# Johaness Ockeghem worshipers and devotee? part 2



## deprofundis (Apr 25, 2014)

Ha.. after hear this cd of brillant called de plus en plus missa - chansons...
the ensemble is the all mighty Orlando consort and by god i swear they really nails
it whit this one, superbe voice tenor, contrepoint bassus.

Than there is his chansons cd i forgot the title it's somewhere, amen to this guy...
When i lisen to Ockeghem even if if i trully love Lassus , Lassus seem pale in
pure harmonic melodie that are crafted in the highest heaven(yep).

Than i have the naxos i wont b*** about them sorry for using this words, but there ok
they made me discovered Ockeghem further on, i did not fully got into his music until i would hear his chansons.

What i got to bring new to the table well i did drank two glasses of Chartreuse it's perfectly legal 
and sold in canada, anyway the music never sounded so good, when i would said i would 
become more reasonable this is what i ment, and i skip days , i never drink each day and
only chartreuse if i received a wonderfull cd, but again 2 glass that two shooter max even half a shooter work.But anyway, futile annoying and tedious details,

But were where we ha! yes! Ockeghem fanboys outhere on talk classical, are there people who perceived is work has godlike, whiteout blasphemy?

How did you discovered mister Ockeghem? whit what piece? i whant to know everything i shown you im an open book, is it a good thing, you bet, i dont lie, if i say Ockeghem is maybe the center piece of flemish composers there are more among complex composer but, there is this charming simplicity to his music.

I finnish this by thanking naxos and brilliant for providing me whit awesome Ockeghem. have a nice days people, what is your favorite song by mister aforeded mention , well me is Ma maitresse

:tiphat:


----------



## Chordalrock (Jan 21, 2014)

By coincidence, I've just been listening through different recordings of the Offertorium (from Requiem), a very great piece. I like almost all the different recordings. I'll mention Ensemble Organum who make the superius sound super; the vibrato may be ahistorical but hard not to like in this case.

I had most of them in my collection but just discovered Laudantes Consort. They are rather churchy yet with a good balance and strong bass. Perfect for the Offertorium. I'm glad I found them. To my surprise, they had also recorded some rare Gombert, including a mass never before recorded (seem to only be available digitally at this point, as part of a larger collection).

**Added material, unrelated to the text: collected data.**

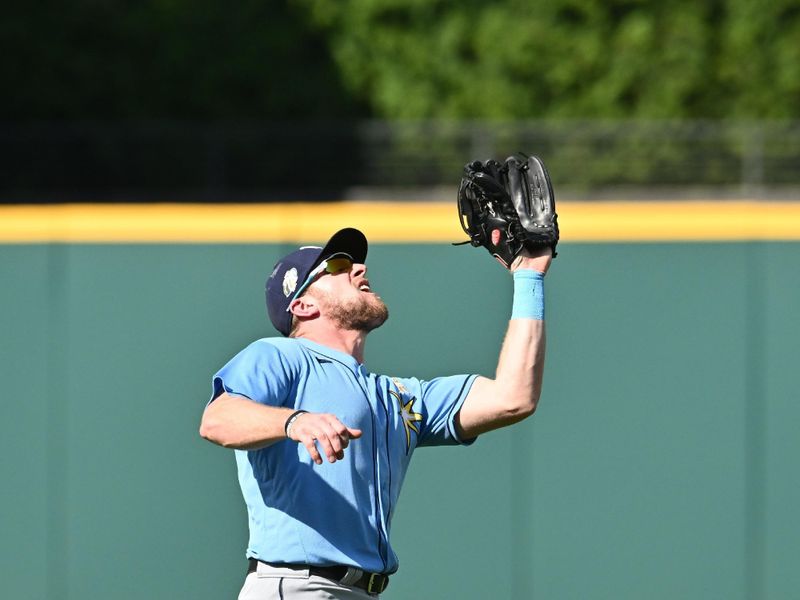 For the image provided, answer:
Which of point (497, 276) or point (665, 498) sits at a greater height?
point (497, 276)

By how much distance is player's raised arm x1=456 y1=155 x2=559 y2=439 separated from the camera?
3.46 metres

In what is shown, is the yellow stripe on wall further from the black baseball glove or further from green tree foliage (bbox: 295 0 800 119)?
green tree foliage (bbox: 295 0 800 119)

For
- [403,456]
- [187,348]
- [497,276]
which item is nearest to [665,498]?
[497,276]

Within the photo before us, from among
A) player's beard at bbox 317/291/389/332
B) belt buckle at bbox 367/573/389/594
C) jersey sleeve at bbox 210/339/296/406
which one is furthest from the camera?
player's beard at bbox 317/291/389/332

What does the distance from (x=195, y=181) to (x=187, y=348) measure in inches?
268

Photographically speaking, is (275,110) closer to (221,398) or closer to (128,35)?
(128,35)

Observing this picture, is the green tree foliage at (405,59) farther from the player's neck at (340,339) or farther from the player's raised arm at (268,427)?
the player's raised arm at (268,427)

My path to Ockeghem was a rather typical one, I imagine: some years ago, someone recommended his music on a forum, and I sampled his stuff on youtbe. This involved the kyrie or credo or something from Missa Mi-mi by Cappella Pratensis, which I now know is an idiosyncratic performance to say the least, but allows you to savor the harmonic progressions and unique sound, which makes me think that maybe this is how Ockeghem wanted it performed after all (it needed better balance though, dammit)... Still, I wish Cappella Pratensis had done Missa Caput back when they were still doing masses in this manner. They were unique and I miss that.


----------



## deprofundis (Apr 25, 2014)

Thank you for your testimony Chordalrock, at least it show some people still care about his music.


----------



## GreenMamba (Oct 14, 2012)

The first Early Music CD I bought was Musica Ficta doing the Requiem and Missa Prolationum on Naxos. I liked it right away. Now I'm less sold on the performances (the Prolationum especially) but still enjoy them. Ockeghem remains one of my early favorites.


----------



## Manxfeeder (Oct 19, 2010)

I discovered his music when I got into Josquin, which began an Early Music phase. I remembered my old music history teacher from years back used to joke about him, like pre-Baroque music wasn't worth bothering with, and Ockegehem was the object of scorn because he had the funniest name, so I decided to try him out. I think my first disc was the Naxos requiem because it was cheap. I got hooked immediately.


----------